EXERCISE: Would you copy the lines below exactly and omit the images?

PROVIDED DATA:
--- START ---
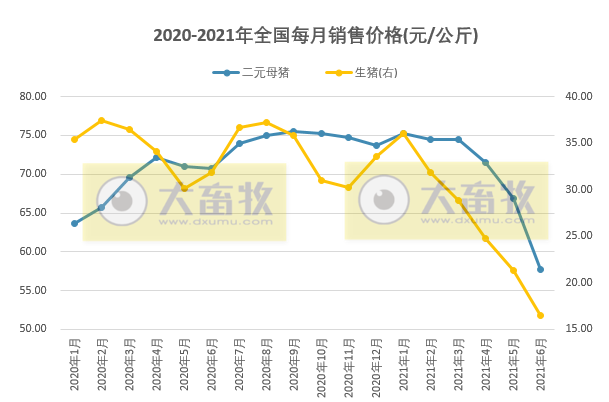 【完整版】2021年6月及上半年生猪行业数据汇总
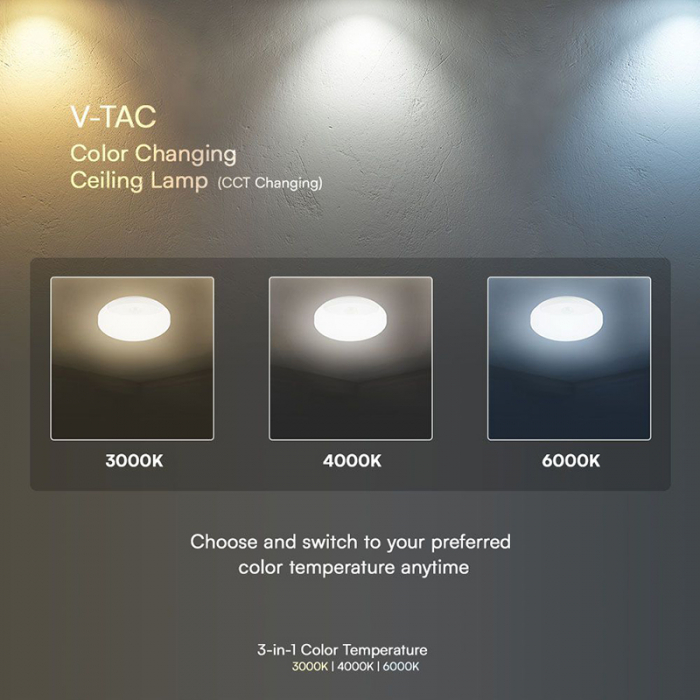 Plafoniera LED, 15W, IP20, senzor de mișcare 3in1, alb, V-TAC, SKU-23420 [16]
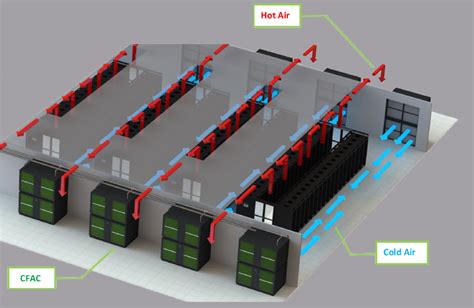 Sg Quality Fan Array Cooling Fan Wall Unit Data Center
--- END ---
SOLUTION:
 【完整版】2021年6月及上半年生猪行业数据汇总
 Plafoniera LED, 15W, IP20, senzor de mișcare 3in1, alb, V-TAC, SKU-23420 [16]
 Sg Quality Fan Array Cooling Fan Wall Unit Data Center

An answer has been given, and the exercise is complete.